In 1955, open-road racing was outlawed, much the way gambling had been a decade earlier, but the need for speed remained, leading to creation of Road America, one of the nation's premier racing venues. Dubbed "America's National Park of Speed," it covers 640 acres and has a 4-mile track with 14 hair-raising turns.

Known as one of the world's fastest permanent road racing tracks, it hosts — in addition to pro and amateur racing — corporate adventure programs, go-karting, ATV tours, geocaching, and motorcycle and driving schools.

Indeed, NASCAR name-dropping is a pastime of locals in Elkhart Lake. One of the best places to hobnob with drivers and their entourages is at Stop Inn Tavern at Siebkens Resort.

At the Stop Inn, they still tell of the time Mario Andretti, who owns a winery in California, became an impromptu sommelier, personally pouring for a customer who had ordered his wine. Then there was the time Ashley Judd, during her marriage to driver Dario Franchitti, danced on a tavern table to celebrate his victory in a race.

Even when the NASCAR names are no-shows, Elkhart Lake has plenty to offer.
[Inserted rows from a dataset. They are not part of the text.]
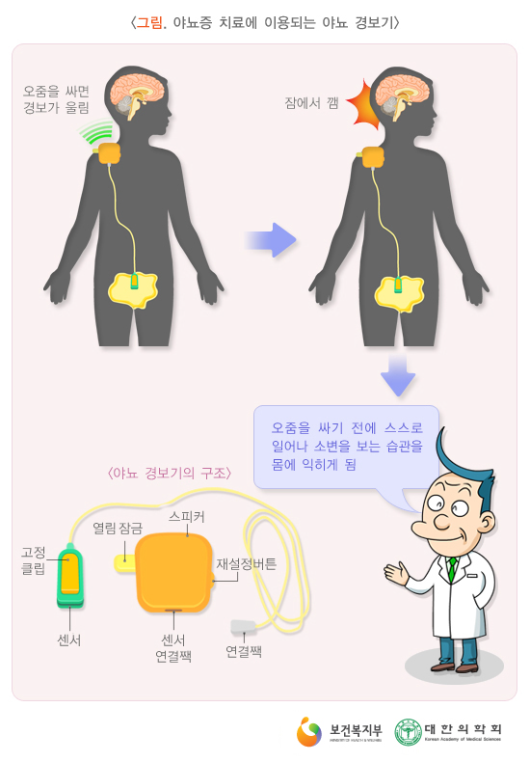 소아야뇨증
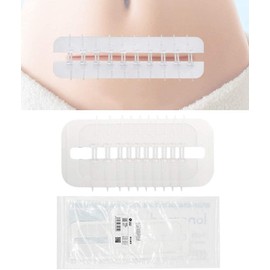 Mediss Emergency Wound Closures Band-Aid Adhesive Bandages, Zip Stitch Stickers Device After Caesarean Birth, Injury, Survival (1 Pcs x Individually Wrapped)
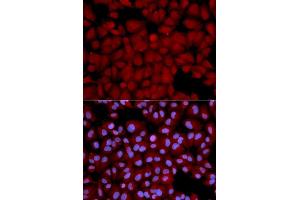 Immunofluorescence analysis of U2OS cells using PPP1CB antibody (ABIN5970446).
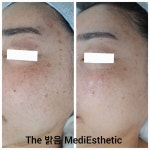 더밝음메디에스테틱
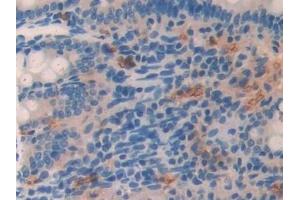 Detection of LCNL1 in Rat Small intestine Tissue using Polyclonal Antibody to Lipocalin Like Protein 1 (LCNL1) (LCNL1 antibody)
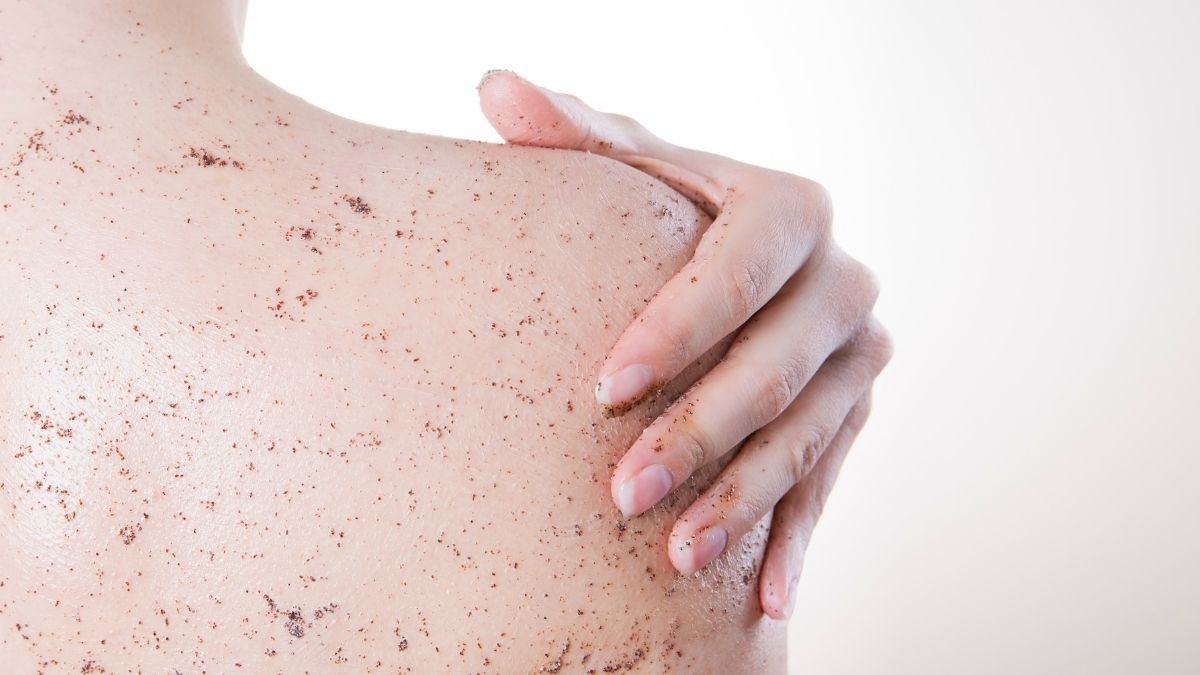 Peeling Skin Syndrome, Penyakit Langka Penyebab Kulit Terkelupas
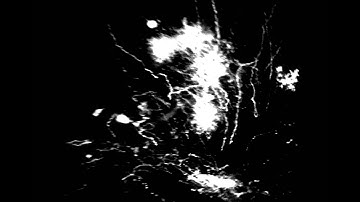 Cells in mouse brain shown with green fluorescence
Sample wines at the Vintage Elkhart Lake Wine Shop and Tasting Room with an award-winning sommelier who picks each of the 150 wines she carries.

Tour the Wade House Historic Site, a complex that includes a 27-room stagecoach inn, sawmill, blacksmith shop and a carriage museum, home to Wisconsin's largest collection of carriages, wagons and sleighs.

At Osthoff Resort, you may sign up for a cooking class with chef Scott Baker at L'Ecole de la Maison Cooking School. Be prepared for a challenge; this is not a class for the gastronomically faint of heart. The menu for my class featured French onion soup, Lyonnaise salad with poached egg, coquille St. Jacques, tournedos of beef au poivre, green beans with walnut-shallot butter, herb potatoes Dauphinoise, French baguette and crepes Suzette.


IF YOU GO

Elkhart Lake, Wis.

Where to stay: The town has a number of bed-and-breakfast inns and three major lakeside resorts: Victorian Village Resort (Vicvill.com), Siebkens Resort (Siebkens.com) and Osthoff Resort (Osthoff.com), where I stayed. With 245 accommodations and plentiful activities, the Osthoff was ranked the Midwest's No. 1 resort by readers of Condé Nast Traveler magazine.

Where to eat:

■ Lake Street Café serves California-inspired bistro dishes and received a Wine Spectator Award of Excellence for its cellar.

■ The Paddock Club, another Wine Spectator award winner, had a previous incarnation as a gambling club. There's no gamble involved in its innovative cuisine, particularly the array of small plates.

■ Lola's on the Lake, the fine dining restaurant at Osthoff Resort, combines sophisticated cuisine and a lovely lakefront location.